Australia's eftpos to set up Hedera Hashgraph node for micropayments

Australia's eftpos is to join the Hedera Governing Council after successfully conducting tests to determine the feasibility of a digital Australian dollar stablecoin for micropayments.

The trials last year showcased the use of a digital wallet loaded with stablecoins for purchasing online content, such as pay-per-page, or streaming services on a pay-per-second basis.

The Hedera Governing Council includes a group of 16 business organisations - Avery Dennison, Boeing, Dentons, Deutsche Telekom, DLA Piper, FIS (WorldPay), Google, IBM, LG Electronics, Magalu, Nomura, Swirlds, Tata Communications, University College London (UCL), Wipro, and Zain Group - overseeing a global network of nodes that will enable fractional micropayments to flow across the decentralised public network. As part of its commitment to the project eftpos will establish its own Hedera network node this year.

Eftpos CEO, Stephen Benton says: “By joining the Hedera Governing Council and running the Australian node, alongside some of the world’s largest and most influential companies, we are excited to participate in the development of next-generation micropayments technology that has the potential to open up entirely new ways of conducting business for Australian enterprises and enable compelling new experiences for Australian consumers."

The Australian company has been pushing a wide-ranging digital strategy that includes mobile wallet Beem It, digital identity services for accessing public and private networks, and a national QR code payments roll out.

The stablecoin project was led by Robert Allen, eftpos' entrepreneur in residence.

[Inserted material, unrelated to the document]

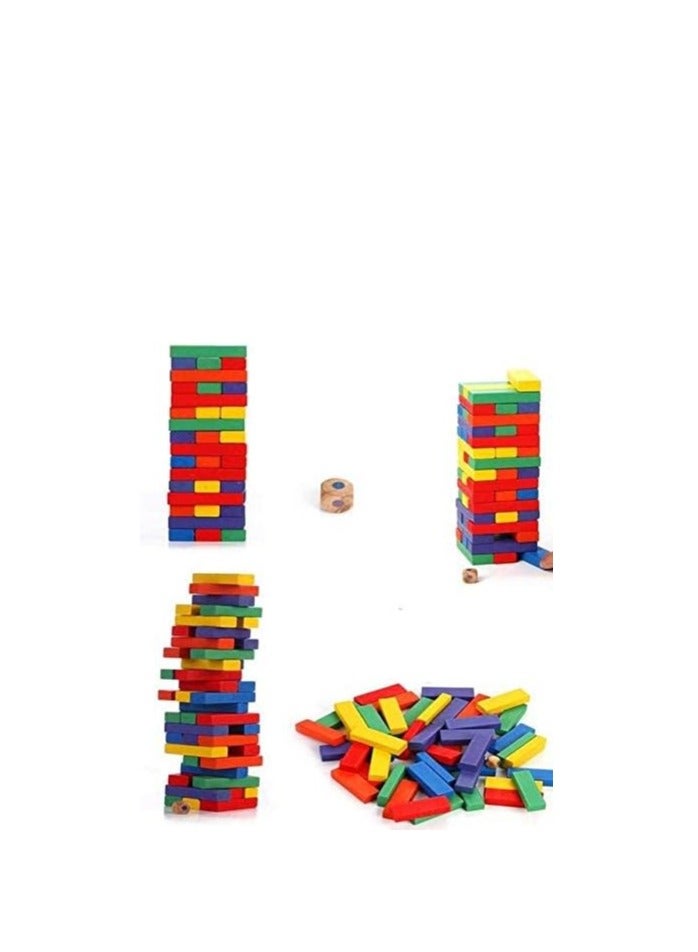 Wooden Jenga Game for Kids and Adults - 54 Pieces - Fun Colorful Blocks to Develop Focus and Balance - Suitable for Parties and Family Games - Image 5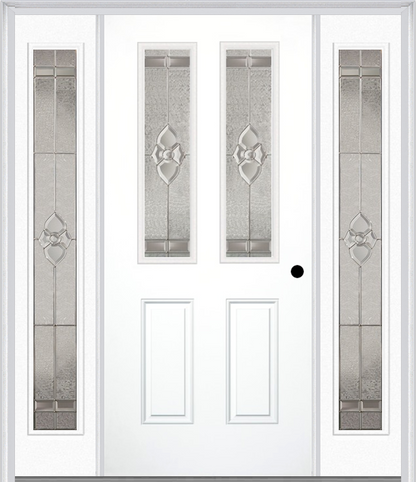 MMI 2-1/2 Lite 2 Panel 6'8" Fiberglass Smooth Nouveau Nickel Or Nouveau Patina Exterior Prehung Door With 2 Full Lite Nouveau Brass/Nickel/Patina Decorative Glass Sidelights 692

“By combining the new eftpos API infrastructure with a consumer wallet-based experience, digital identity, and an AUD-based stablecoin using Hedera’s superfast, secure and low-cost distributed network, the PoC’s objective was demonstrably achieved,” says Allen. “Use cases like this simply are not possible on other public blockchains. Along with several partners, we are now exploring a variety of use cases that this combination of technologies enables and the options to commercialise them."